Unfortunately it's hard to draw any conclusions using a stacktrace from a custom kernel. Are you able to reproduce the problem on a modern kernel, or at the very least one without any custom patches?

tuxoko commented 1 year ago

@pcmoore I can try that, but there's really not much difference and nothing related to audit. And I have the vmcore so if you think there's something to look there I can look it up. Also I'm curious about the intention of the wake_up in kauditd_thread was it to wake everyone or only one at a time.

pcmoore commented 1 year ago

@pcmoore I can try that, but there's really not much difference and nothing related to audit.

Sometimes unrelated changes can have a surprising impact :) For that reason, as a general rule we don't provide any upstream support for Linux Kernels with custom patches.

Beyond the custom kernel changes, I'm also curious if a modern kernel resolves your problem as there have been some changes related to queue management since v5.10 was released. As Richard already mentioned, that kernel is quite old.

And I have the vmcore so if you think there's something to look there I can look it up.

At the very least the line numbers of the stacktrace would be helpful.

Also I'm curious about the intention of the wake_up in kauditd_thread was it to wake everyone or only one at a time.

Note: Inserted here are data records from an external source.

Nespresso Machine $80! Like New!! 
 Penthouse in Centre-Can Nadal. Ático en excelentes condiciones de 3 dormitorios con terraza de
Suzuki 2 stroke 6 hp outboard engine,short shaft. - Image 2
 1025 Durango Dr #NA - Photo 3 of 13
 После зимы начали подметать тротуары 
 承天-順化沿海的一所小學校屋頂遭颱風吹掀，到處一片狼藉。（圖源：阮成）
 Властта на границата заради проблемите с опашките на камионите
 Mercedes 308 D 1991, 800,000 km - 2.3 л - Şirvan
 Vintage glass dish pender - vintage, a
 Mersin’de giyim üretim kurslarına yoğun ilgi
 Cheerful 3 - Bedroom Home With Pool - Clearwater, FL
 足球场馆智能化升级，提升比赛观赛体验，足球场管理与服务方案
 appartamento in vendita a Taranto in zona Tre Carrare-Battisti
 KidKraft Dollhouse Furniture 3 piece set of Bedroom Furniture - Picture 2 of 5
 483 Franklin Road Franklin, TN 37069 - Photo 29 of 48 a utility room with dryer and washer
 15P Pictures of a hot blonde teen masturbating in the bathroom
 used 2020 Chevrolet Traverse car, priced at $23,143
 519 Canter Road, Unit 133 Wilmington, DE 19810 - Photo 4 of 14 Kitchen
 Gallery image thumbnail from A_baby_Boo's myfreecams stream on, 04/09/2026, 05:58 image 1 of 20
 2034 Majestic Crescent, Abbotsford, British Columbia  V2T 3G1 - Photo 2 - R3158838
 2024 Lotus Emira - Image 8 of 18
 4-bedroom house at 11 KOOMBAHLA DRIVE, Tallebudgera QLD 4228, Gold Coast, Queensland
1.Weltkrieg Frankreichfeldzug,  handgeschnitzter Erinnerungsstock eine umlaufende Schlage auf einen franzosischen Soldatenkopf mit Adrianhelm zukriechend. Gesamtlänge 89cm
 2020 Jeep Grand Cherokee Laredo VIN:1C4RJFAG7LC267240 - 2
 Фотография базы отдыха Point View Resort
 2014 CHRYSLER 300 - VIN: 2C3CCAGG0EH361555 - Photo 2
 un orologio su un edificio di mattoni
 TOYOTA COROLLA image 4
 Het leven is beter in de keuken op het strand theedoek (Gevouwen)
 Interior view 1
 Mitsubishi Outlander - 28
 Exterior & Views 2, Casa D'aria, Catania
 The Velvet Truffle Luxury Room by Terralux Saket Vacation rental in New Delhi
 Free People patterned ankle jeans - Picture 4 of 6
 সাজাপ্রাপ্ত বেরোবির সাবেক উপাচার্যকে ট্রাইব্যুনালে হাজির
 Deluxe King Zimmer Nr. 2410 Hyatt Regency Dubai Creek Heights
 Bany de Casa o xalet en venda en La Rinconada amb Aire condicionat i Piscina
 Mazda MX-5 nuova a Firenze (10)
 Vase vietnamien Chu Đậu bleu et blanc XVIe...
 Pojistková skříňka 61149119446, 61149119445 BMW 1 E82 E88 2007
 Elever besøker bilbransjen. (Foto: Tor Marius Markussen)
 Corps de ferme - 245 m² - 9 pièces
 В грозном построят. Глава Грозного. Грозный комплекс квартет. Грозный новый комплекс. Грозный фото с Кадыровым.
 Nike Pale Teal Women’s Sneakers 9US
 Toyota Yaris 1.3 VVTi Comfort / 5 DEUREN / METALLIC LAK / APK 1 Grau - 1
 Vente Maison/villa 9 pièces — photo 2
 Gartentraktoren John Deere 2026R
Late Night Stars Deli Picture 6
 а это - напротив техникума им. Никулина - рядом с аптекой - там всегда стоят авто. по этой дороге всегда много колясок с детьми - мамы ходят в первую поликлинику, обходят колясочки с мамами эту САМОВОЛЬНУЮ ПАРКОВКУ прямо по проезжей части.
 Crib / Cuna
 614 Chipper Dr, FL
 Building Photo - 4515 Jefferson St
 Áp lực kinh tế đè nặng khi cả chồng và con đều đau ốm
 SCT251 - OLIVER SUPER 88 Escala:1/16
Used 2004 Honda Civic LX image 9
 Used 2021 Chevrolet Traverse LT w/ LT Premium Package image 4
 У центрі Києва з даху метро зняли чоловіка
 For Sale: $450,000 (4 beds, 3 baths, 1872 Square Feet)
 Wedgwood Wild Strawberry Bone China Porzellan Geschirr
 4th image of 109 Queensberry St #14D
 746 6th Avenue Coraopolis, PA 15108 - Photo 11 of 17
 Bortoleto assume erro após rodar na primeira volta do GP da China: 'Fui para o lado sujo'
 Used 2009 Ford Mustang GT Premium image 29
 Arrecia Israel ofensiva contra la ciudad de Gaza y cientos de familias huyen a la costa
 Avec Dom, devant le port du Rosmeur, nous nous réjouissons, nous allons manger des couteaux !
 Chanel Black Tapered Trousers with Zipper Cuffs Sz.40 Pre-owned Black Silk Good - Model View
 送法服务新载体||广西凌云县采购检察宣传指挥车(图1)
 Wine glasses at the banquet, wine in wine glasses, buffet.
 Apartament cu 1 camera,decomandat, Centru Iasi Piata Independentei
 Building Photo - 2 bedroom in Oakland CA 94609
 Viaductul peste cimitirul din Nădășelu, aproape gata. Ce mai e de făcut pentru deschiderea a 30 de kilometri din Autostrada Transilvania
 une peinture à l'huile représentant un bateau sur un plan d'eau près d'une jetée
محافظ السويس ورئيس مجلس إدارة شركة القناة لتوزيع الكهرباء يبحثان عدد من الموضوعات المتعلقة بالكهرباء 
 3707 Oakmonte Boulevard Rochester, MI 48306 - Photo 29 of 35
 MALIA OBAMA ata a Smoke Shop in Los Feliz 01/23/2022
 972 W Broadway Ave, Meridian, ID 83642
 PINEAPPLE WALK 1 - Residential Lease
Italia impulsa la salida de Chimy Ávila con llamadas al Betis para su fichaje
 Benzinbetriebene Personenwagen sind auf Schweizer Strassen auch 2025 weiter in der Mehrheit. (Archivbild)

There was some discussion about waking blocked processes recently on the audit mailing list:

tuxoko commented 1 year ago
crash> bt -l 188152
PID: 188152  TASK: ffff8f6e30ecdac0  CPU: 8   COMMAND: "rsync"
 #0 [ffffa6218ab6bc68] __schedule at ffffffff95a00af6
    /usr/src/debug/kernel-5.10.168/linux-5.10.168-1.nutanix.20230215.el7.x86_64/kernel/sched/core.c: 3797
 #1 [ffffa6218ab6bcf8] schedule at ffffffff95a00f3f
    /usr/src/debug/kernel-5.10.168/linux-5.10.168-1.nutanix.20230215.el7.x86_64/arch/x86/include/asm/bitops.h: 206
 #2 [ffffa6218ab6bd18] schedule_timeout at ffffffff95a049bf
    /usr/src/debug/kernel-5.10.168/linux-5.10.168-1.nutanix.20230215.el7.x86_64/kernel/time/timer.c: 1878
 #3 [ffffa6218ab6bd98] audit_log_start at ffffffff9516e338
    /usr/src/debug/kernel-5.10.168/linux-5.10.168-1.nutanix.20230215.el7.x86_64/kernel/audit.c: 1886
 #4 [ffffa6218ab6be20] audit_log_start at ffffffff9516e5af
    /usr/src/debug/kernel-5.10.168/linux-5.10.168-1.nutanix.20230215.el7.x86_64/kernel/audit.c: 1856
 #5 [ffffa6218ab6be48] audit_log_name.constprop.0 at ffffffff95174b00
    /usr/src/debug/kernel-5.10.168/linux-5.10.168-1.nutanix.20230215.el7.x86_64/kernel/auditsc.c: 1404
 #6 [ffffa6218ab6be98] audit_log_exit at ffffffff951751db
    /usr/src/debug/kernel-5.10.168/linux-5.10.168-1.nutanix.20230215.el7.x86_64/kernel/auditsc.c: 1644
 #7 [ffffa6218ab6bee0] __audit_syscall_exit at ffffffff95176ba0
    /usr/src/debug/kernel-5.10.168/linux-5.10.168-1.nutanix.20230215.el7.x86_64/kernel/auditsc.c: 1794
 #8 [ffffa6218ab6bf18] syscall_exit_to_user_mode at ffffffff959f7c62
    /usr/src/debug/kernel-5.10.168/linux-5.10.168-1.nutanix.20230215.el7.x86_64/include/linux/audit.h: 340
 #9 [ffffa6218ab6bf38] do_syscall_64 at ffffffff959f3ae5
    /usr/src/debug/kernel-5.10.168/linux-5.10.168-1.nutanix.20230215.el7.x86_64/arch/x86/entry/common.c: 56
#10 [ffffa6218ab6bf50] entry_SYSCALL_64_after_hwframe at ffffffff95c000a9
    /usr/src/debug/kernel-5.10.168/linux-5.10.168-1.nutanix.20230215.el7.x86_64/arch/x86/entry/entry_64.S: 132
pcmoore commented 1 year ago

Ah, I see this is a Nutanix kernel build. Do you work for Nutanix or are you a customer/user? If the former, you should definitely read the mail archive link I posted above.

tuxoko commented 1 year ago

Yeah, I noticed just now. I work for different team than Eiichi and we use different build, but it does seem very similar.